Research suggests that South Asian diaspora communities carry elevated risk for anxiety, linked to acculturation stress, intergenerational pressure, migration-related uncertainty, and reduced access to culturally competent mental health support. A study published in the International Journal of Social Psychiatry found significantly higher rates of anxiety and depression among South Asians in the UK compared to the white British population, particularly among first-generation migrants. Cultural stigma also means that anxiety often goes undiagnosed and untreated in these communities.

I feel anxious but my family says I have nothing to worry about — am I overreacting?

This is one of the most common experiences people describe, and no, you are not overreacting. Anxiety does not require an objectively difficult situation to be real. The brain’s threat response can fire in environments that others experience as safe. Feeling invalidated by family — however well-intentioned — is itself a significant barrier to getting help. What you are experiencing is physiologically and psychologically real, and it deserves proper attention regardless of whether others can see a reason for it.

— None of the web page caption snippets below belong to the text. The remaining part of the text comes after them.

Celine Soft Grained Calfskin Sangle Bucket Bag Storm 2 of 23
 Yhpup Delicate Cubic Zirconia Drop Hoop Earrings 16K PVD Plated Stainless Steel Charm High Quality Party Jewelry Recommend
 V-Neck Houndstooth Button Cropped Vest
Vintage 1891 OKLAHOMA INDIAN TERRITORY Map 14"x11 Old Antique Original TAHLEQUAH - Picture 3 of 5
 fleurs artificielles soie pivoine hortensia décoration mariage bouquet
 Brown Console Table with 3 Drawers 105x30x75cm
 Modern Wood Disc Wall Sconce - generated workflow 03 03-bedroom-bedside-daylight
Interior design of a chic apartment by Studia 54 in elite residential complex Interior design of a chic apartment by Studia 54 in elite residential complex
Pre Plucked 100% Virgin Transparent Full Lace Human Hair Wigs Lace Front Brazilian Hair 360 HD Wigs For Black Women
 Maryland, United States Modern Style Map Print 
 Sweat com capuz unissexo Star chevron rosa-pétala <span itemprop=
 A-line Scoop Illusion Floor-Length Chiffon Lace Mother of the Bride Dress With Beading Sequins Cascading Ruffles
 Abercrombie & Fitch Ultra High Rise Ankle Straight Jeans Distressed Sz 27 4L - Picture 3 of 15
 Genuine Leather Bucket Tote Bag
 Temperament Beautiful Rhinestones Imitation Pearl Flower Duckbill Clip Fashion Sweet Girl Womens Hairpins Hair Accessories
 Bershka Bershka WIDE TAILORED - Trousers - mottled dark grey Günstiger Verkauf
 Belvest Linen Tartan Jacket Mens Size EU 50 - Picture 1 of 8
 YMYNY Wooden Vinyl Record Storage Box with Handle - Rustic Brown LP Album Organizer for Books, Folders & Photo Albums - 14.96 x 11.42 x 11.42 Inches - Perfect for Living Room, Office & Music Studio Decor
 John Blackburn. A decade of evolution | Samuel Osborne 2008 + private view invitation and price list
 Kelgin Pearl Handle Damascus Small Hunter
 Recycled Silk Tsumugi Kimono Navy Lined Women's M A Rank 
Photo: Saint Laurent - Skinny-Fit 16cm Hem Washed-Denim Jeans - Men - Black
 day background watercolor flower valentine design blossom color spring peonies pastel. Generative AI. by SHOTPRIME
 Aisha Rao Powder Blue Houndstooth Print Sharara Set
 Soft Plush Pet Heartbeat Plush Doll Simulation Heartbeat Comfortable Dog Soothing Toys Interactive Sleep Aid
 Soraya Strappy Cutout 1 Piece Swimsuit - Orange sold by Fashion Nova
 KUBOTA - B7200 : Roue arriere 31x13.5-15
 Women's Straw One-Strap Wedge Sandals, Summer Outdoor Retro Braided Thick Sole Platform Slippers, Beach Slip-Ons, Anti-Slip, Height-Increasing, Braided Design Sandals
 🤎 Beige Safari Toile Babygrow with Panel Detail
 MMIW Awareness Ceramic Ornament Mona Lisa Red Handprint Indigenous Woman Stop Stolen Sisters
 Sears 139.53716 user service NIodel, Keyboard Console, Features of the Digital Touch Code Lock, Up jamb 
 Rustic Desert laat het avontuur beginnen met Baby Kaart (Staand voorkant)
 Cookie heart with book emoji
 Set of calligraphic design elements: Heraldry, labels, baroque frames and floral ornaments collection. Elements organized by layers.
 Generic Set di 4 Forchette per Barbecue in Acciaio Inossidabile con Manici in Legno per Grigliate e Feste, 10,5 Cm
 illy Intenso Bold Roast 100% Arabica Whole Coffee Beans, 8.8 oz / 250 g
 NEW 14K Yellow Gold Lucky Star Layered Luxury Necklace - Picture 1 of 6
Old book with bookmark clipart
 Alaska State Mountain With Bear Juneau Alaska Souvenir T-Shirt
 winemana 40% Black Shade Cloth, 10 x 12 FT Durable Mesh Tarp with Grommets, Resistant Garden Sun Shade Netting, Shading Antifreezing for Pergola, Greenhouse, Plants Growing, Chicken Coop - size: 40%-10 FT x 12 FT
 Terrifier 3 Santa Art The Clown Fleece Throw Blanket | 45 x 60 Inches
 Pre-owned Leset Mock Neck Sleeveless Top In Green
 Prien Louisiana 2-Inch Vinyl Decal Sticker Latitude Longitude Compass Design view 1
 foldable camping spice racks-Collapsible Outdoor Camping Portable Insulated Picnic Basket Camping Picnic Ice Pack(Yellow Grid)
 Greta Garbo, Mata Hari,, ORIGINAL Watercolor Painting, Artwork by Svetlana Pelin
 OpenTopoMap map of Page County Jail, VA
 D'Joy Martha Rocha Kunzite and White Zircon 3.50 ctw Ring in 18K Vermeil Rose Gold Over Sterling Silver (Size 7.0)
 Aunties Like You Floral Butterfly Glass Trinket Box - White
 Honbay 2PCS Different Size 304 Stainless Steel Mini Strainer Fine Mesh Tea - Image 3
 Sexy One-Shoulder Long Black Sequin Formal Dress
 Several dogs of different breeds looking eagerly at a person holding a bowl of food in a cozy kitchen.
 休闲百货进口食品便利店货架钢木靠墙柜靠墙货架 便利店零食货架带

Can online therapy help with anxiety?

Yes. Multiple randomised controlled trials, including a major review published in JAMA Psychiatry, have found that online CBT for anxiety disorders produces outcomes equivalent to in-person therapy for most people. Online therapy also removes practical barriers that disproportionately affect South Asians: the privacy concern of being seen entering a clinic, the difficulty of accessing a Malayalam or Tamil-speaking therapist locally, and the time and cost pressures of in-person attendance.

How much does online therapy cost in India or the Gulf?

Session fees vary depending on the platform, the therapist’s experience, and the country. At Oppam, sessions are priced to be accessible to clients in India, the Gulf, and diaspora markets including the UK, Canada, and Australia. Contact us directly or visit the booking page for current session rates. For many people, the cost of one or two sessions is comparable to a single GP visit or specialist consultation.

What is the best way to support a family member with anxiety?
Avoid minimising phrases like “just relax”, “stop overthinking”, or “you have nothing to worry about” — even if well-intentioned, these reinforce the sense that the person is failing at something they should be able to control. Instead, listen without trying to immediately fix the problem, and gently encourage professional support. You can help most by communicating that anxiety is a health condition, not a character flaw, and that treatment works.